On Thu, Jan 20, 2022 at 10:03:44AM -0800, Nadav Amit wrote:

> > --- a/mm/mprotect.c
> > +++ b/mm/mprotect.c
> > @@ -106,6 +106,12 @@ static unsigned long change_pte_range(st
> > 					continue;
> > 
> > 				/*
> > +				 * Can't migrate pinned pages, avoid touching them.
> > +				 */
> > +				if (page_maybe_dma_pinned(page))
> > +					continue;
> > +
> > +				/*
> > 
> 
> I have a similar problem with userfaultfd changing protection for
> DMA-pinned pages. For userfaultfd it is important to know how many
> pages were actually modified.
> 
> I am working on a vectored UFFDIO_WRITEPROTECTV that aborts once
> a pinned page is encountered, but also returns the number of pages
> that were properly protected.
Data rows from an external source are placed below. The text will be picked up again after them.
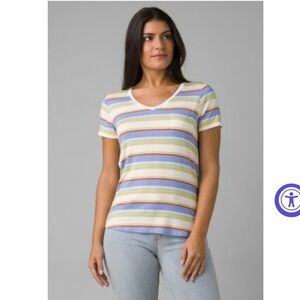 Prana Women's Foundation Short Sleeve V-Neck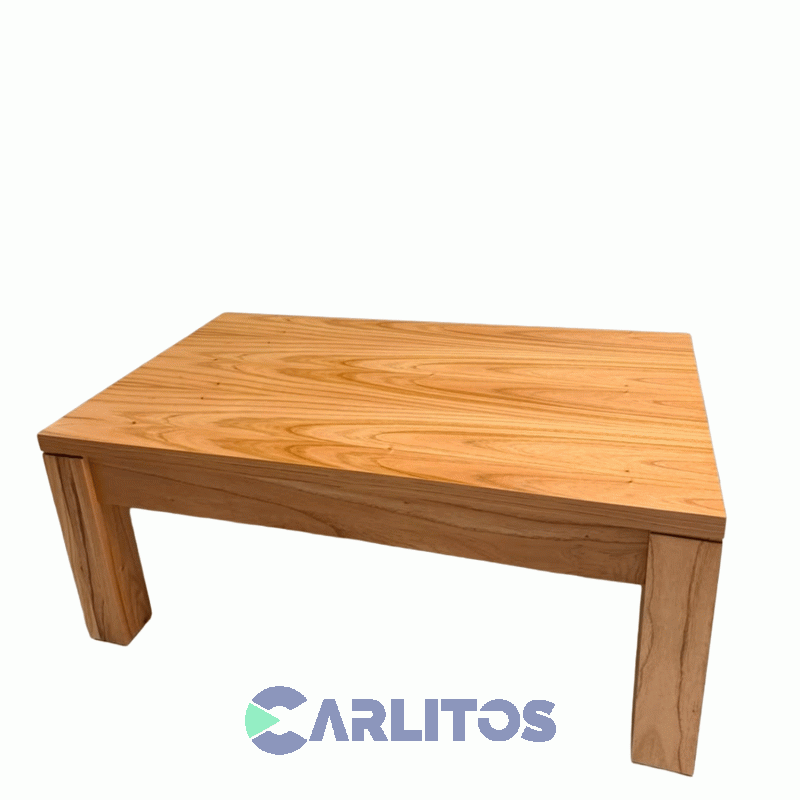 Mesa Ratona Rayces Rectangular 1.00 Mts X 0.60 Mts Cod: 527 Paraiso Lustre Natural
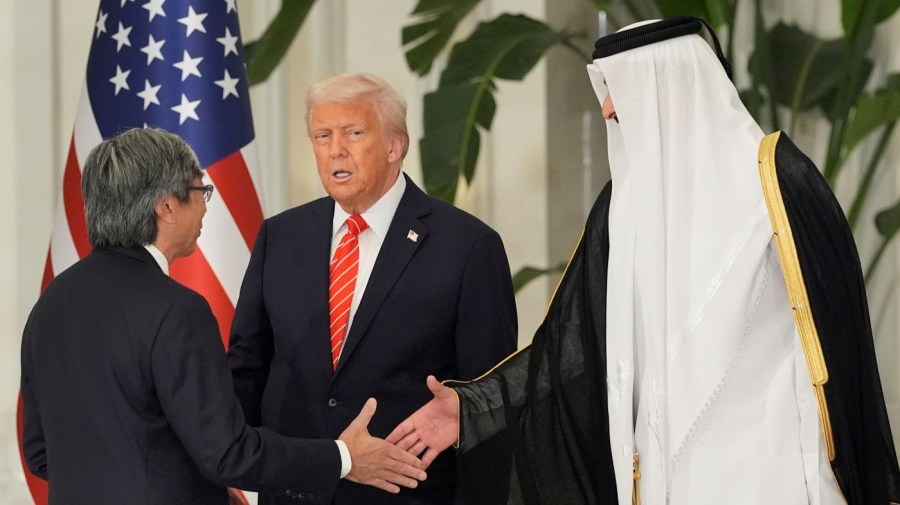 LA Times owner meets with Trump in Saudi Arabia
I still need to do some work to
> send patches for that as it requires further changes (to return
> the number of pages that were handled).
> 
> But for the matter of your patch, is it possible to make this
> test generic (not migration specific) and rely on a new flag in
> cp_flags? I can of course make this change later if you prefer it
> this way.

I have no objection to making it apply more widely, but I'm currently
only interested in the rmap users. If userspace does mprotect() on it's
own pages, it gets to keep whatever pieces are the result of that.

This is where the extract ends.